The following list of common verbs are not followed by the preposition à and thus take a direct object.
- aimer to like, love
- acheter to buy
- écouter to listen
- attendre to wait
- inviter to invite
- comprendre to understand
- prendre to take
- connaître to know
Direct object pronoun for him, her, it and them
In French, the direct object pronoun must agree in gender and number with the noun it replaces. Here are some example sentences with the third-person singular and plural direct object pronouns (he, she, it and them).
- Je regarde le film. Je le regarde. I watch the movie. I watch it.
- Tu regardes la fille. Tu la regardes. You look at the girl. You look at her.
- Je connais Jean. Je le connais. I know Jean. I know him.
- Tu connais Sylvie. Tu la connais. I know Sylvie. I know her.
- Je connais Jean et Sylvie. Je les connais. I know Jean and Sylvie. I know them.
Negation rule for direct object pronouns
To negate a sentence with a direct object pronoun, wrap ne…pas around both the object pronoun and the verb.
- Je ne mange pas le steak. Je ne le mange pas. I don’t eat the steak. I don’t eat it.
- Je ne connais pas Marc. Je ne le connais pas. I don’t know Marc.

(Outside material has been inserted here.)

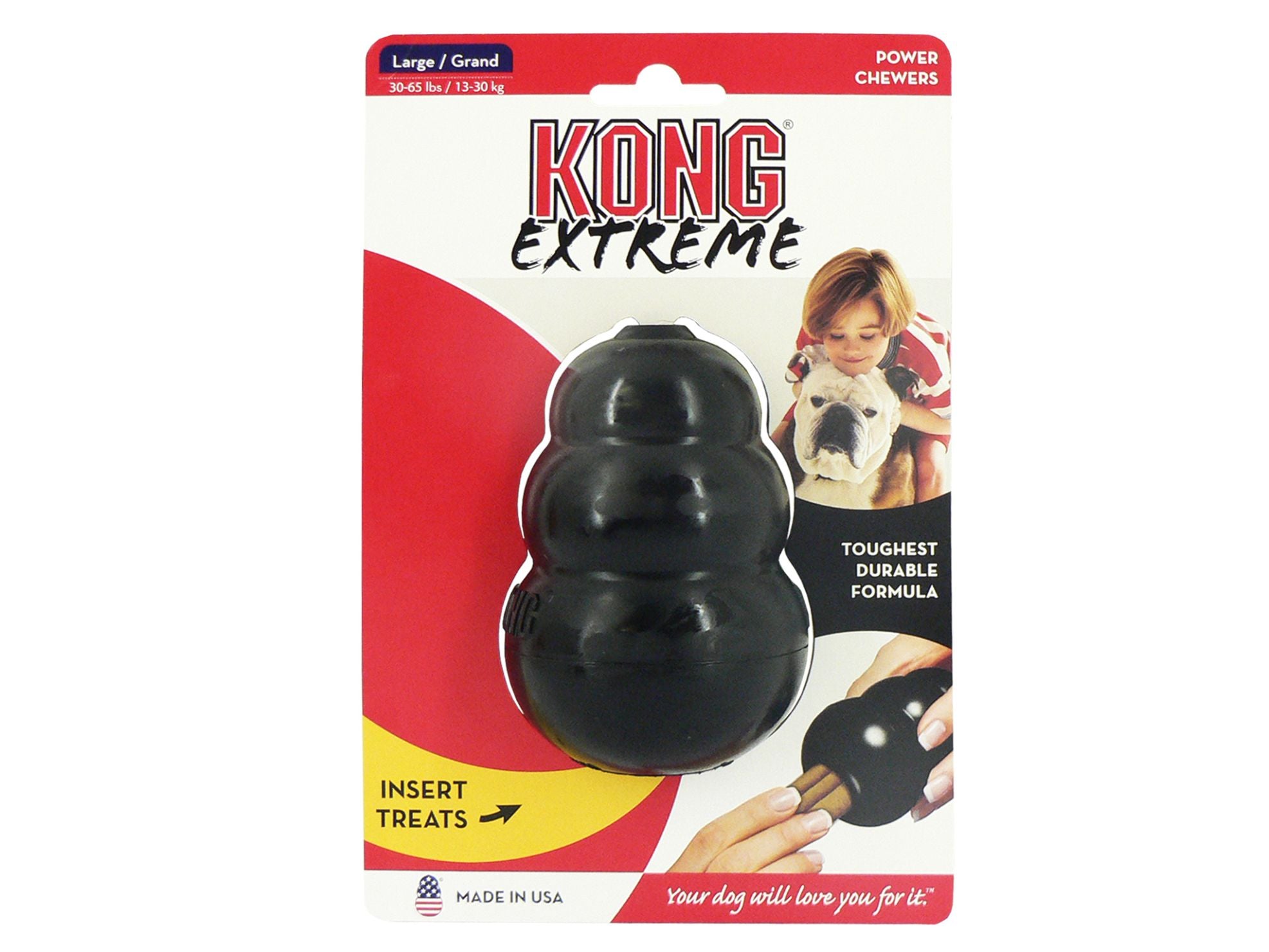 Kong Extreme Toy Black Large - Wag n Tails Pet Shop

I don’t know him.
Passé composé rule for direct object pronouns
In the passé composé, the direct object pronoun comes before the auxiliary verb. The past participle must agree in number and gender when the direct object pronoun precedes the verb.
- J’ai mangé le pain. Je l’ai mangé. I ate the bread. I ate it.
- J’ai mangé la pizza. Je l’ai mangée. I ate the pizza. I ate it.
- J’ai mangé les frites. Je les ai mangées. I ate the French fries. I ate them.
Imperative rule for direct object pronouns
In the affirmative imperative, the direct object pronoun comes after the verb with a hyphen. The pronouns me (m’) and te (t’) become moi and toi. In the negative imperative the direct object pronoun stays before the verb.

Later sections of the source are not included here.